"Any relationship between a building and its users is one of violence, for any use means the intrusion of a human body into a given space, the intrusion of one order into another." - Bernard Tschumi in Architecture and Disjunction
CULT | Aimee Friberg Exhibitions is pleased to present SEXXXITECTURE, a group exhibition featuring works by Alejandro Almanza Pereda, Daniel Gerwin, Rebekah Goldstein, Roman Liška, Max Maslansky, May Wilson and Jake Ziemann. The exhibition will open on Wednesday, July 1 with a public reception from 6–8PM and will be on view through August 1, 2015.
SEXXXITECTURE explores the complex relationship between architecture and people. The works in the exhibition examine how formal design and structure dramatically shape our experience of place as well as our encounters with others. Line, color and form have the power to create intense human desire. Where and how does the aesthete get turned on? Why is a well-appointed apartment, a luxury high-rise, or a designer house such an aphrodisiac to some? The artists featured in SEXXXITECTURE engage with fantasy and anticipation through diverse media, demonstrating how the built environment informs human sexual dynamics and inviting the viewer to question how we perceive and identify cues of visual arousal.
Alejandro Almanza Pereda’s totemic sculptures investigate the limits of his materials, defying the viewer’s expectations of what is physically possible; they seem to suspend reality in the same way as making love can erase consciousness of time and space. May Wilson uses volume, weight, and texture as references to skin and sausage-like appendages, finding humor in forms that are anthropomorphic yet created from inorganic, highly-processed industrial materials. Jake Ziemann’s ceramic sculptures slump and posture atop pedestals crafted from utilitarian materials such as crates and bricks, referencing both idiosyncratic nuances in the human shape and bodily gestures–and playfully emphasizing the obvious association between phallus and skyscrapers.
Daniel Gerwin, Rebekah Goldstein and Roman Liška’s works have less explicit formal relationships to the body, but reference it in other ways. Goldstein’s strong sense of color and playful perspectives suggest windows and doors that one could creep or crawl through–perhaps on the way to a forbidden tryst–and her titles suggest the pinks of flesh and genitals. Gerwin’s deconstructed home interiors evoke nostalgic recollections of intimate interactions through use of trompe l’oeil.
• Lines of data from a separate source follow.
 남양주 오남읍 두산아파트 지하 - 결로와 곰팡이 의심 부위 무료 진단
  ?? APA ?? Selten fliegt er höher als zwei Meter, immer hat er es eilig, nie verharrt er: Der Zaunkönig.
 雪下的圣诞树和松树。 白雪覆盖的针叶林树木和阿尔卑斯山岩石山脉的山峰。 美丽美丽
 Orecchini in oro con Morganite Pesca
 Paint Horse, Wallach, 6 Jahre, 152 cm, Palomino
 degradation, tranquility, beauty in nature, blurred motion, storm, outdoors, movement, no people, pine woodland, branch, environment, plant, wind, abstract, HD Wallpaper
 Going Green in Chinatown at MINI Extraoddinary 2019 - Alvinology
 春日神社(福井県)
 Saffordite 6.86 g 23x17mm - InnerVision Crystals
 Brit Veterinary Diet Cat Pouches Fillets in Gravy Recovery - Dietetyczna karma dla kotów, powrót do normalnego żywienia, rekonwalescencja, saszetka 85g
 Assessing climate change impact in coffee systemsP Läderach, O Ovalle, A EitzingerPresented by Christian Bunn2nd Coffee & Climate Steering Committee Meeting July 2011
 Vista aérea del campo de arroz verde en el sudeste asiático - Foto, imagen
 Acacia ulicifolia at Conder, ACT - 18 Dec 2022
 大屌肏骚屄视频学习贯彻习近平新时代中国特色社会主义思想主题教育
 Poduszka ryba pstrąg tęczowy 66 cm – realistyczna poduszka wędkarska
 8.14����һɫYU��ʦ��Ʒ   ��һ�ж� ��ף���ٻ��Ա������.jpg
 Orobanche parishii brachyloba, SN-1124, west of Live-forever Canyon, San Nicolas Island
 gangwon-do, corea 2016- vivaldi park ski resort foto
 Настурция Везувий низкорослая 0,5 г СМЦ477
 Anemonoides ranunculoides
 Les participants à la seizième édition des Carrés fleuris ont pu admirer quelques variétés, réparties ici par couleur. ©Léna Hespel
Liška’s formalist constructions of sharp diagonals in contrast with materials of burlap and corrugated rubber evoke a sensual tension, suggesting censorship and bondage. Max Maslansky’s erotic scenes, created by painting images from 1970s pornography stills onto bed sheets, offer a peek into the illicit realm of the retro boudoir, where the lovers frolic amid the lines of mid-century modern furnishings.